Ronaldo, queiram ou não, está longe de estar acabado. Talvez não tenha a capacidade de física de há vinte anos, mas continua a ser uma peça demasiado importante. E aposto o que for preciso que ainda vai ser decisivo e dar-nos muitas alegrias no Campeonato do Mundo que aí vem.
Já agora, faz-me um bocadinho de confusão que ande tanta gente preocupada com Ronaldo e tão pouca preocupada com a forma como Roberto Martínez gere o restante plantel. Porque, deixem-me que vos diga, há decisões deste seleccionador que são absolutamente incompreensíveis — sim, ainda tenho a não estreia de Quenda entalada e a coisa só piorou quando vi agora entrar em campo Carlos Forbs, mas adiante…
Já que, nesta crónica, decidi falar sobre jogadores, deixem-me fazer uma vénia a outro que já por uma vez elogiei no destaque no pódio e de quem é impossível não falar após a vitória sobre a Arménia: senhoras e senhores, a minha vénia a João Neves.
Caramba, que prazer é ver jogar o miúdo que apesar de franzino é um verdadeiro gigante em termos de visão de jogo, maturidade e capacidade de decidir sob pressão. E a alegria que transmite quando joga? Ainda na semana que passou lia as notícias sobre a selecção espanhola e pensava que tínhamos muita sorte em Portugal por ter um João em vez de um Lamine. Porque se o nosso menino respira humildade, Yamal começa a tornar-se um caso sério e bastante insuportável de arrogância precoce.

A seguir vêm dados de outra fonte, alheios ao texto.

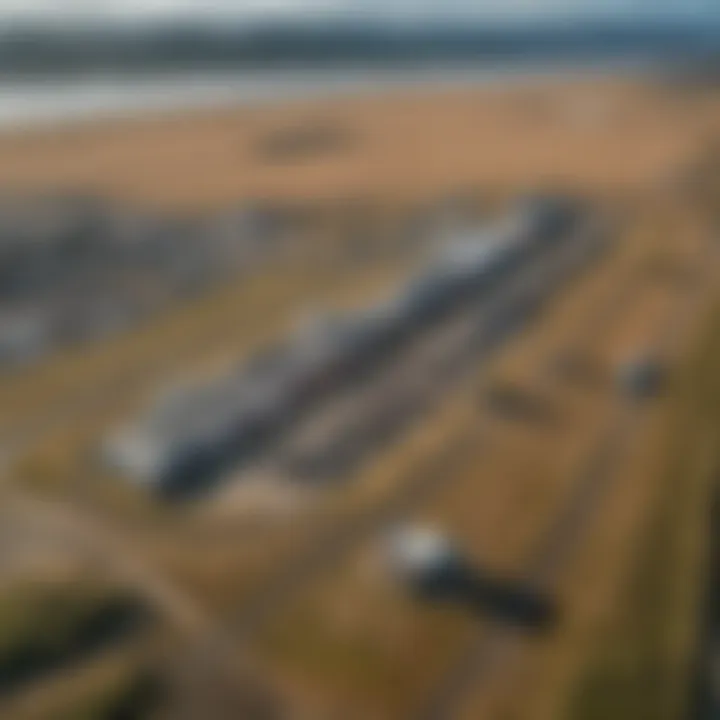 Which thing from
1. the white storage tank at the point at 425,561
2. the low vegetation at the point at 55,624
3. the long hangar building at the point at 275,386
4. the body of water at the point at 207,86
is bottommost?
the low vegetation at the point at 55,624

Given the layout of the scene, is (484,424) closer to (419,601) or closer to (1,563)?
(419,601)

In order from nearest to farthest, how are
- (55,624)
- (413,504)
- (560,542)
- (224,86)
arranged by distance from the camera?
1. (55,624)
2. (560,542)
3. (413,504)
4. (224,86)

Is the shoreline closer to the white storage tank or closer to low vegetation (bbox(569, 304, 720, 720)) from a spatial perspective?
low vegetation (bbox(569, 304, 720, 720))

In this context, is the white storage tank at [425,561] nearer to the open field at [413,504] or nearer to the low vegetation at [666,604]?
the open field at [413,504]

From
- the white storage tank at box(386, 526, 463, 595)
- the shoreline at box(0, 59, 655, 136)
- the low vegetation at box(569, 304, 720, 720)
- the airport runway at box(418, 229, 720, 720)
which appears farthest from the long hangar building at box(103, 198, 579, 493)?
the shoreline at box(0, 59, 655, 136)

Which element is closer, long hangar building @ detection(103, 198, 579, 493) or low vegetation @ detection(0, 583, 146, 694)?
low vegetation @ detection(0, 583, 146, 694)

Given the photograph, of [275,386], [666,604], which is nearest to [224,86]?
[275,386]

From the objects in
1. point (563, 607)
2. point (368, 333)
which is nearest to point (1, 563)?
point (563, 607)

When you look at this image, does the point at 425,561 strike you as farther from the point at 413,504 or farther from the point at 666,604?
the point at 666,604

Reparem, não estou, de forma nenhuma, a contestar o talento do jogador e sei que a juventude, nestes casos, não ajuda, mas a verdade é que se ninguém travar Yamal, o caminho que tem pela frente não me parece auspicioso. Lembro-me perfeitamente de quando, durante o Euro-2024, Espanha soube que Yamal tinha passado nas provas ESO (Ensino Secundário Obrigatório) e celebrou como uma vitória colectiva: o menino de ouro tinha conseguido concluir o secundário e entrava assim numa nova fase da sua vida. Ou quando, num concerto, os Estopa, conhecido grupo musical espanhol, adaptaram a conhecida canção Djobi Djoba para a versão Lamine/Yamal /cada día yo te quiero más/Lamine/Lamine/Lamine Yamal. Yamal tinha tudo para se tornar adorado por todos, mas, infelizmente, tem escolhido um caminho tortuoso. Da polémica festa de anos com a Máfia como tema e contratação de chicas de imagen louras e de busto avantajado às declarações antes do jogo com o Real Madrid, Yamal tem traçado um caminho complicado fora dos relvados. Jóias, mulheres, festas, marcas… O deslumbramento esperado de um miúdo que veio do nada e que se tornou milionário, mas que, neste caso, parece estar a ponto de o engolir inteiro perante um país que o tenta puxar à realidade, mas que leva constantes coices de egocentrismo.
Enfim, Yamal, felizmente, não é nosso. Ronaldo e João Neves, sim. E ainda bem.